On the annual public holiday of Waitangi Day, 12 of Strathallan’s students and 2 teachers began their traverse of the Tongariro Northern Circuit. These twelve students are part of the 2020 World Challenge Team, heading to Nepal in the July holidays. Considering the alpine territory and length (9 days) at which the students will be tramping in July, the Northern Circuit (3 days) was a perfect training exercise.
On Wednesday afternoon, the students, Mr Laing and Dr Greenley loaded up a minivan and a car and began the journey down to National Park. After a restful afternoon and evening in a youth hostel, the team was rearing to go the next morning. Thankfully, we managed to hit the start of the track before the thousands of other trampers arrived. This allowed the team to begin their trek at a comfortable pace in the early morning condensation.
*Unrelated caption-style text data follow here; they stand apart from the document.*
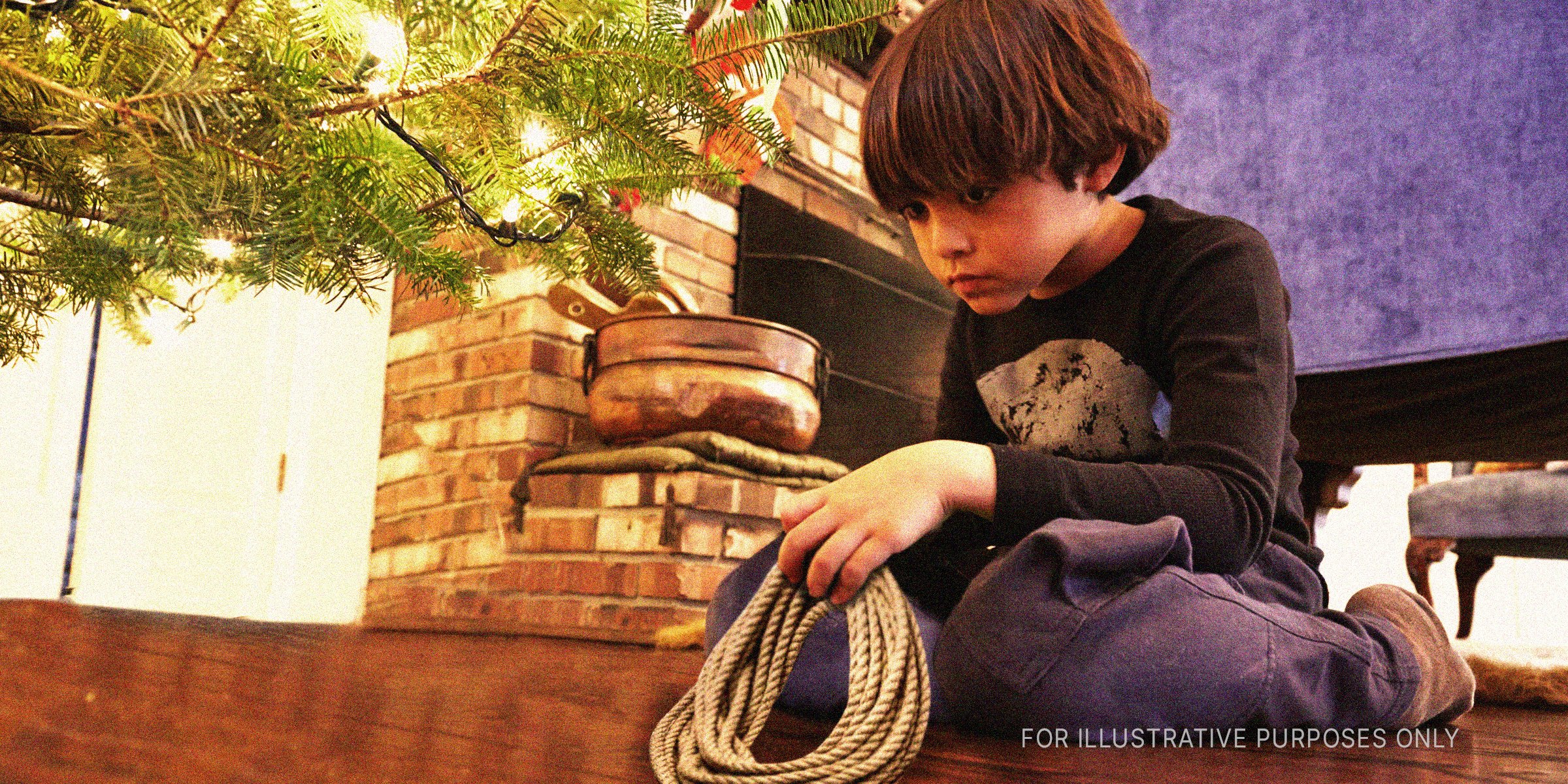 Junge mit einem Seil unter einem Weihnachtsbaum | Quelle: Getty Images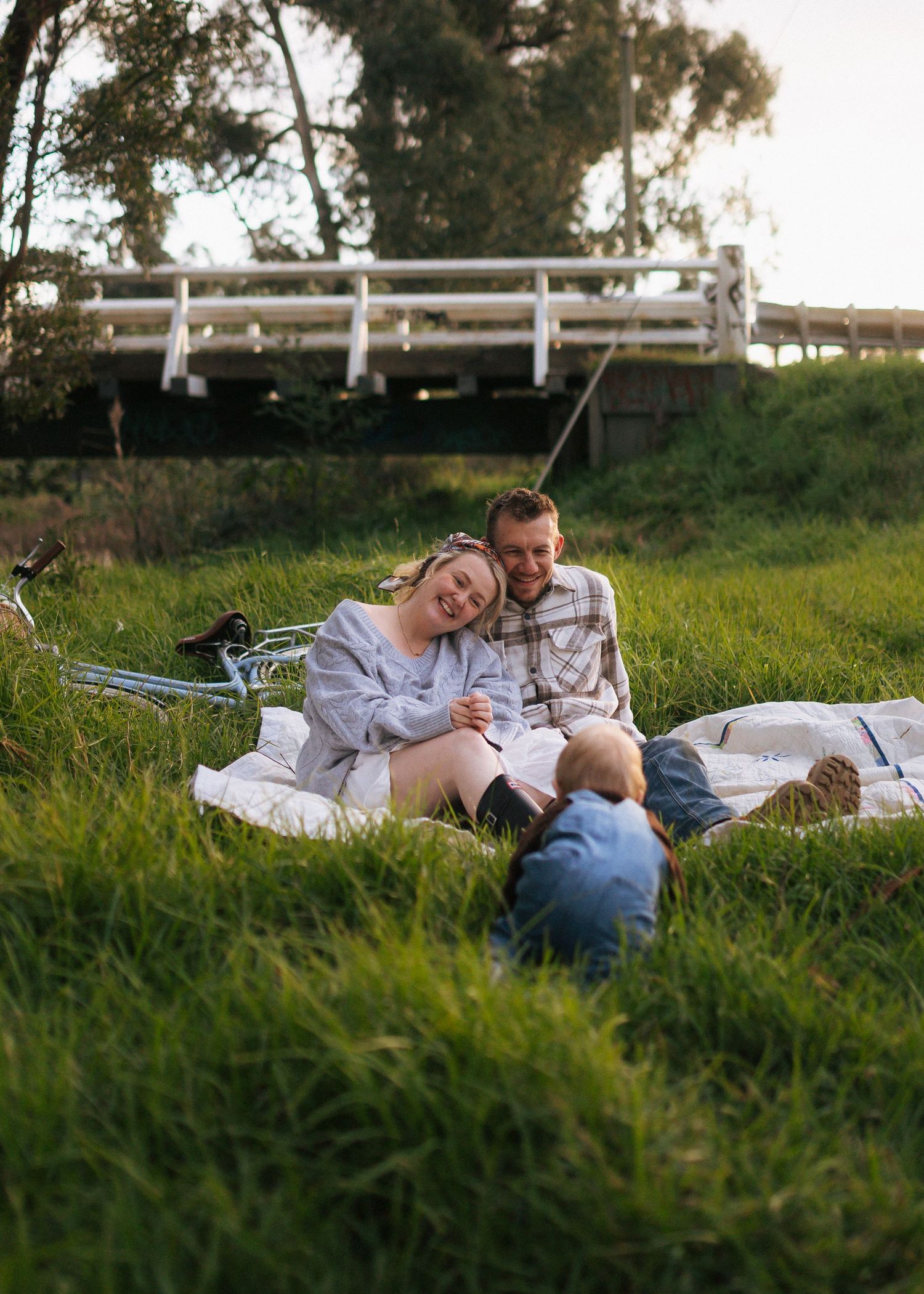 Couple relaxing on a blanket in lush green grass while toddler plays nearby with a bridge backdrop.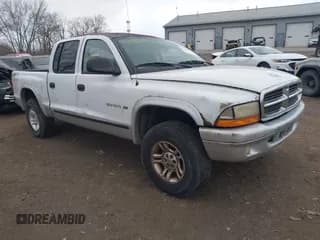 ✅ 2002 Dodge Dakota SLT • VIN: 1B7HG48N72S577296 • Lot: 41848637. Wystawiony na IAAI z przebiegiem 133 777 mil. Bezpłatny archiwum sprzedaży aukcyjnych z USA i szczegółowy raport historii pojazdu na DreamBid. Zdjęcie 1.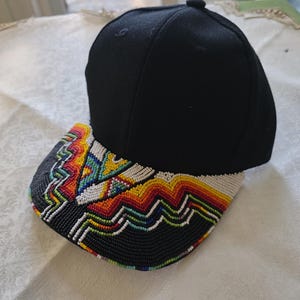 May include: A black baseball cap with a beaded brim. The brim features a colorful geometric design with red, orange, yellow, green, blue, and white beads. The cap is made of a dark fabric.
After traversing the painful (and appropriately named), “Devil’s Staircase”, the team carried on making progress along the track, towards the Mangatepopo Saddle, Red Crater and eventually the iconic Emerald Lakes. It is fair to say that the downhill scree slope was the most difficult element of the first half of the day, due to the slippery, loose and unstable characteristics of scree. Funnily enough, the boys went skiing down the scree slope with much enthusiasm, leaving the rest of the team to catch up at the Emerald Lakes where we rested for lunch. After a severely underestimated length of time, the sore-legged team arrived at Oturere hut. A stunning night spent under the stars lead into a new day with new ground to be covered!
As the team woke up to a stunner of a sunrise, they also woke up to a scorcher of a day. By eight, we had eaten, packed up and were ready to go! The walk for that day was expected to be significantly shorter and easier, an estimated three hours compared to the previous day’s six hours. Sadly, the day didn’t turn out to be as easy as expected due to 28 sore legs and 14 sore, sunburnt and tired bodies. Despite the exhausted state of the team, we pushed through the pain. And man, was it worth it. On more than one occasion we had panoramic views displaying the Kaimanawa Ranges, Tongariro, Mt Ruapehu and Mt Ngauruhoe alongside native forest, volcanic rocks and desert. It was definitely worth the hard work. At around three in the afternoon, the team arrived at a manor, yes, a manor. The Waihohonu Hut is hands-down the most impressive hut I (an experienced tramper) have ever stayed in. With the capacity to sleep 30 and house another 20 on the empty floor-space, our team of 14 was rather comfortable. An afternoon spent relaxing, stretching and river swimming crept into our last night of the tramp.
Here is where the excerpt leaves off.